Let $G$ be simple undirected graph and $e=uv\in E(G)$.
The imbalance of the edge $e$ is the value $imb(e)=|d(u)-d(v)|$.
Let $M_{G}$ denotes the imbalance sequence (or more correctly, multiset of all edge imbalances) of $G$.
I can prove that if $T$ is a tree, then $M_{T}$ is graphic.
However, in general case it isn't true. See A question on graphic sequences for simple counterexamples.
Based on these I came to the next
Imbalance Conjecture: Suppose that for all edges $e\in E(G)$ we have $imb(e)>0$. Then $M_{G}$ is graphic.
ADDED 1: Vova Skochko, a good friend of mine, verified the conjecture for all such graphs with $\leq 9$ vertices.
ADDED 2: Recall that the value $Irr(G)=\sum_{e\in E(G)}imb(e)$ is called irregularity of $G$.

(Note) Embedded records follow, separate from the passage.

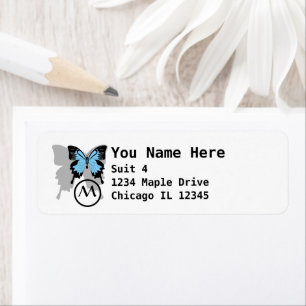Blue Backed Butterfly Shadow Monogram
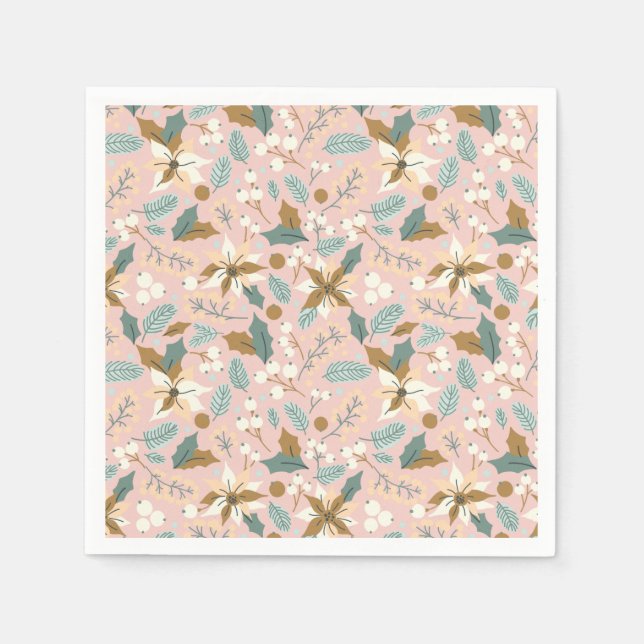 Pink blush poinsettia winter xmas holiday  napkins (Front)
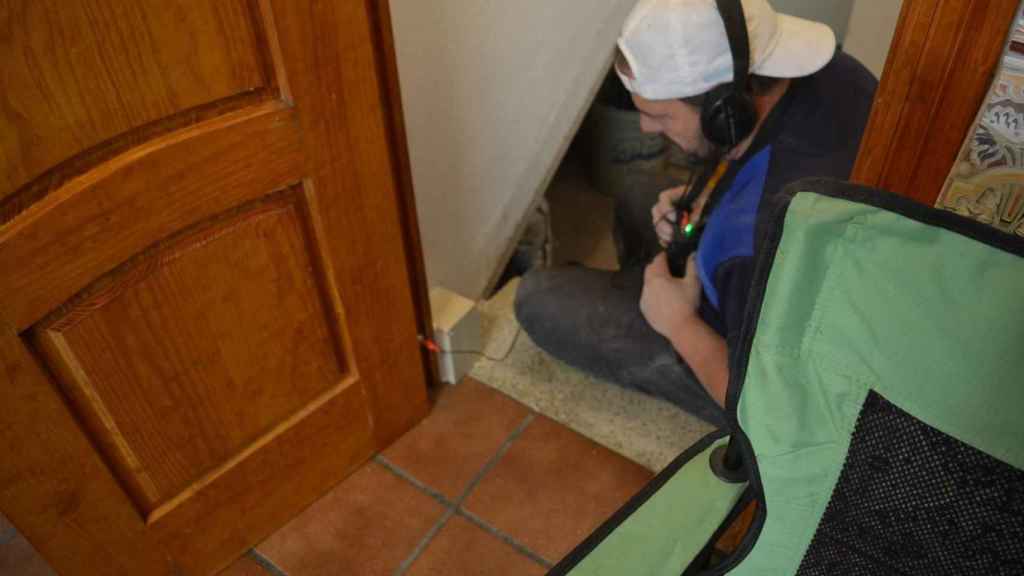 Un técnico trabaja en Checa (Guadalajara) para exterminar a las termitas.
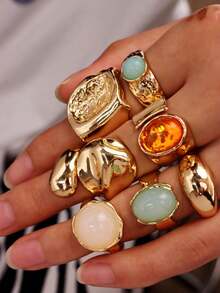 7 件套复古奢华百搭优雅个性化独特几何玉石镶嵌戒指套装，女士厚金金属时尚戒指适合日常和派对装饰，礼品首饰套装 - 彩色 - 查看 8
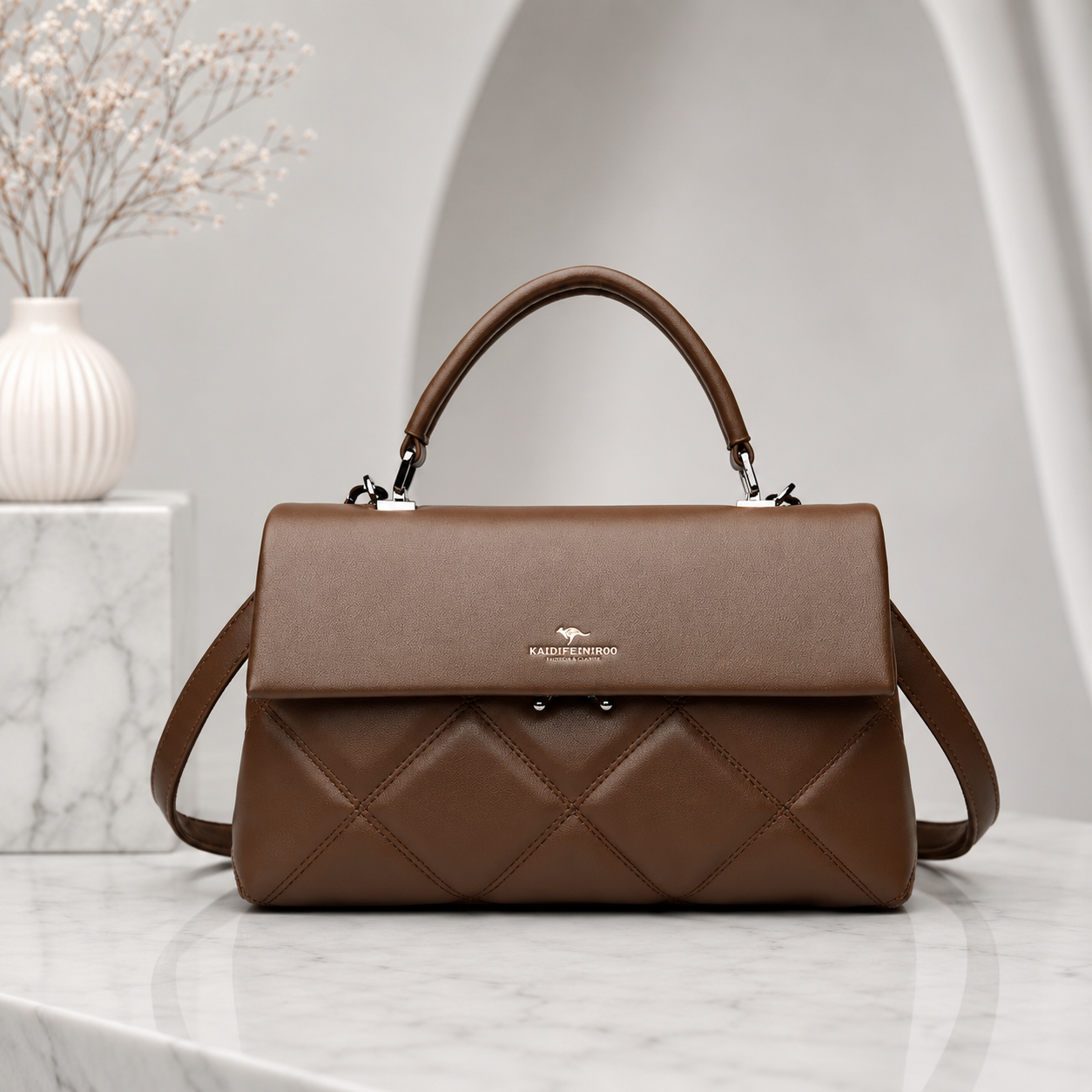 Brown quilted leather handbag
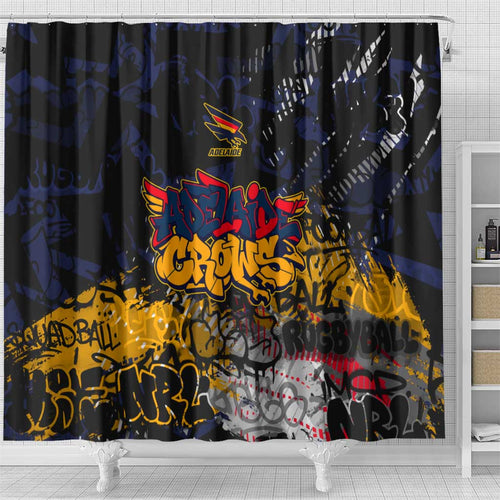 Adelaide Crows Shower Curtain Urban Graffiti Street Art - Bold Abstract Spray Paint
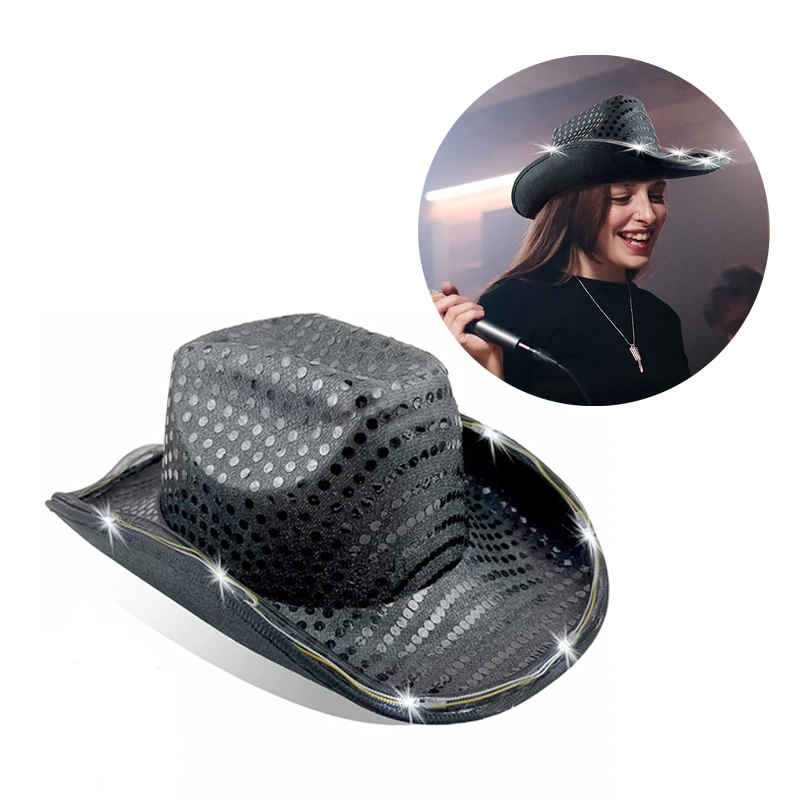 Cosplay Character Light Up Cowboy Hat Flashing LED Cowboy Hat for Dress-Up Costume, Rodeo Party, Western Theme Party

In light of Erdos-Gallai theorem the Imbalance Conjecture is equivalent to the next statement
Suppose that for all edges $e\in E(G)$ we have $imb(e)>0$. Then for all $E'\subset E(G)$ it holds $$Irr(G)\leq |E'|(|E'|-1)+\sum_{e\notin E'}\left(\min\{{|E'|,imb(e)}\}+imb(e)\right).$$
I wonder does this bound on $Irr(G)$ implies other known bounds on $Irr(G)$ for such graphs?